Me quedé pensativa. Era la única explicación posible.
—Seguramente —admití—. Creía que estaba despierta todavía, pero me habré dormido. Siento haberte despertado. No… no sé qué me ha pasado.
—Ha despertado a Eustace. Tiene el sueño ligero.
—Lo siento.
Ella enarcó una ceja, como sopesando si hacer gala o no de la magnanimidad de perdonarme, pero al final se limitó a dirigirme una educada inclinación de cabeza y salió, cerrando tras ella.

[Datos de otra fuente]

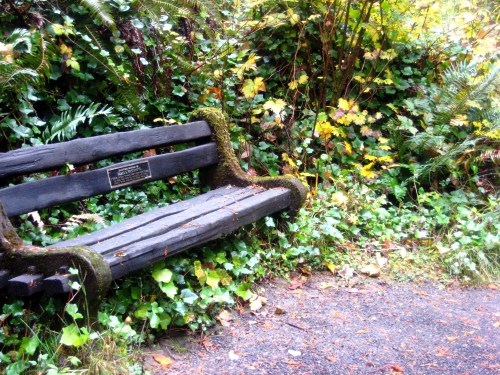 A weathered wooden bench covered in moss, surrounded by lush greenery and colorful autumn leaves along a path.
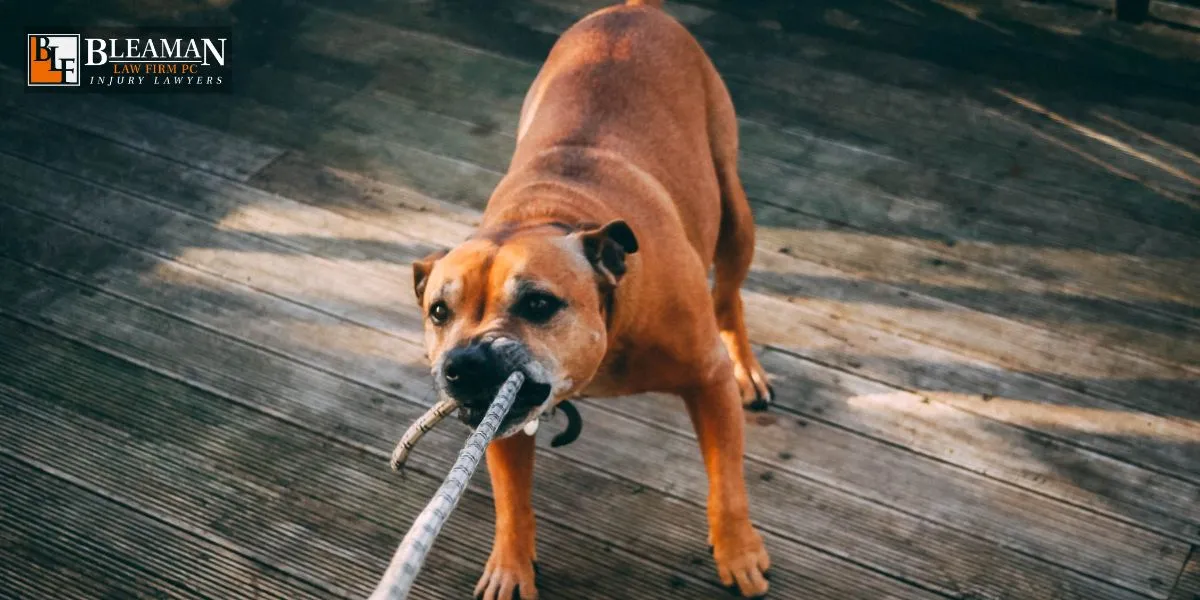 Best Gilbert Dog Bite Lawyer Gilbert Dog Bite Lawyer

Me quedé de pie junto a la cama hasta convencerme de que mi imaginación me había jugado una mala pasada. Al final, dejé las cortinas abiertas para que entrase el resplandor lunar, volví a meterme en la cama, me arrebujé y poco a poco, muy despacio, fui estirando de nuevo las piernas, que no se toparon más que con el suave tejido de la ropa de cama.
Cerré los ojos, temiendo que aquella noche no sería capaz de dormir, pero el cansancio debió de vencerme, porque cuando desperté el sol entraba por las ventanas, la lluvia y el viento habían cesado y despuntaba un nuevo día, el primero que pasaría en Gaudlin Hall.